▶ _THE TASK_
Beginning with the first entry, restate the data word for word and leave out the images.
━━━ TASK MATERIAL ━━━
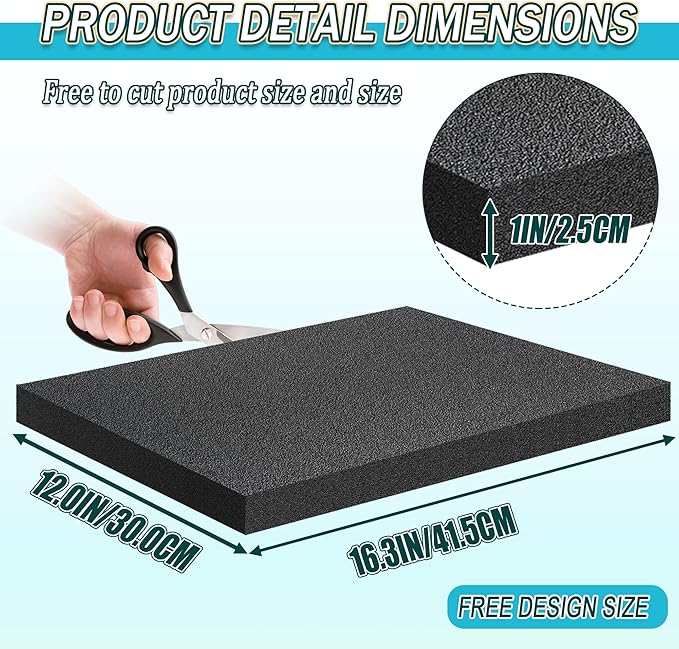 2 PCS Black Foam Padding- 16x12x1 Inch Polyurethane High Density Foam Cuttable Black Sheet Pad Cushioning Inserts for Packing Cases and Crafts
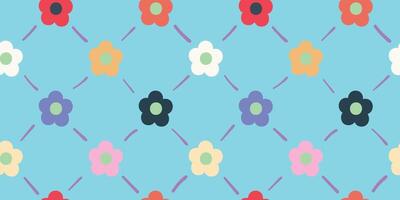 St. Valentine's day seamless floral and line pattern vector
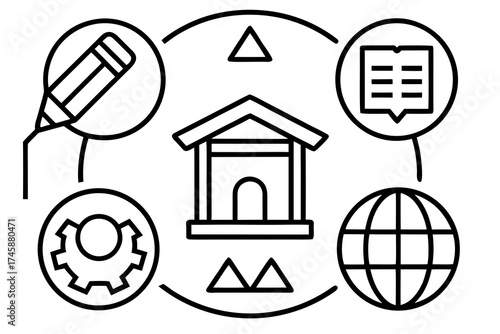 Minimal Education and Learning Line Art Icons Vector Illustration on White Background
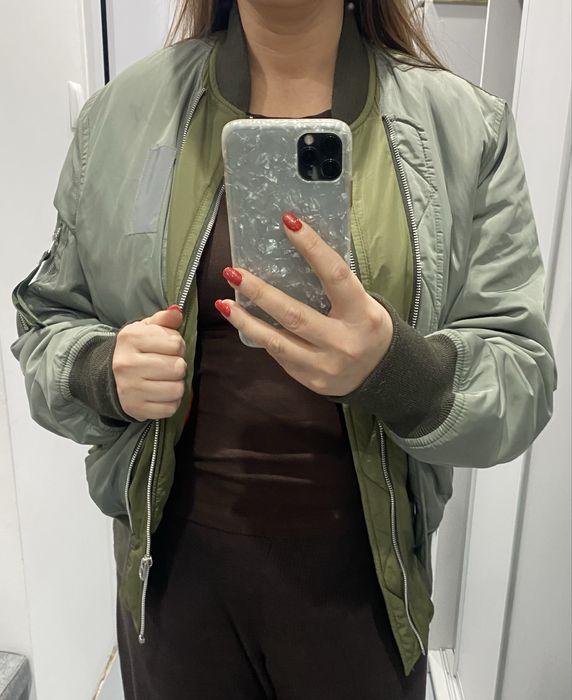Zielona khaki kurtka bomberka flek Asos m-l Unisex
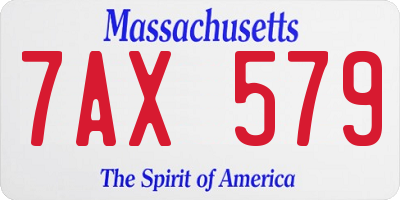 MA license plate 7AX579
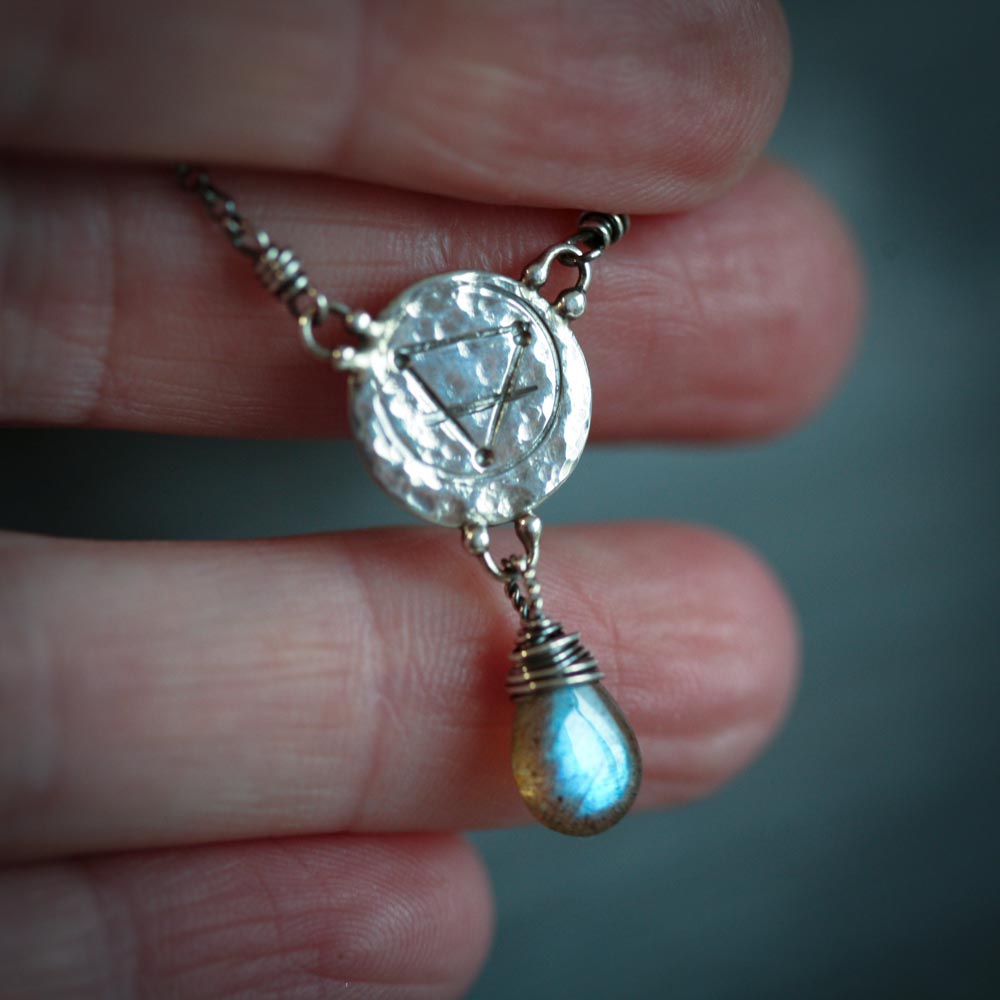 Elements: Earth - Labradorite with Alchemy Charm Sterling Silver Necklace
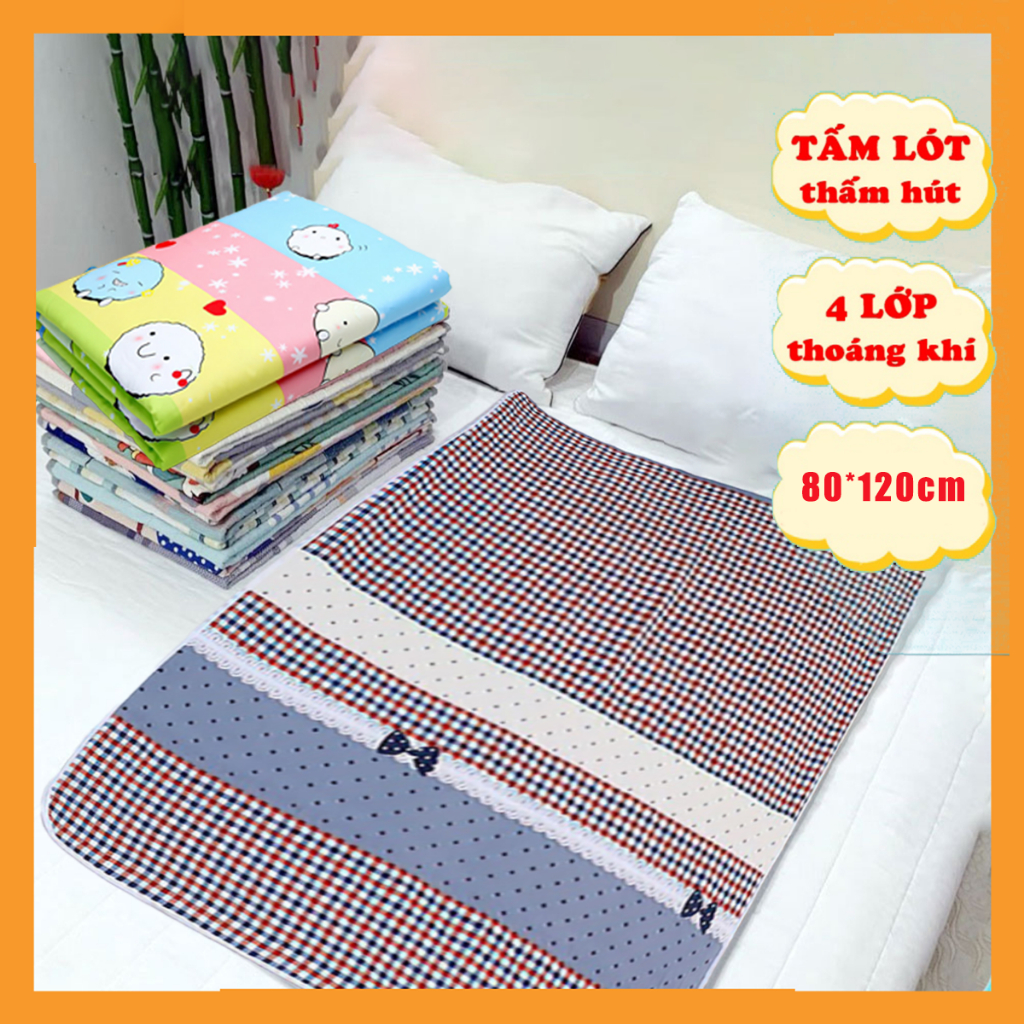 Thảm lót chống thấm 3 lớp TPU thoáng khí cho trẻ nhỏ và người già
━━━
▶ _TASK RESPONSE_
 2 PCS Black Foam Padding- 16x12x1 Inch Polyurethane High Density Foam Cuttable Black Sheet Pad Cushioning Inserts for Packing Cases and Crafts
 St. Valentine's day seamless floral and line pattern vector
 Minimal Education and Learning Line Art Icons Vector Illustration on White Background
Zielona khaki kurtka bomberka flek Asos m-l Unisex
 MA license plate 7AX579
 Elements: Earth - Labradorite with Alchemy Charm Sterling Silver Necklace
 Thảm lót chống thấm 3 lớp TPU thoáng khí cho trẻ nhỏ và người già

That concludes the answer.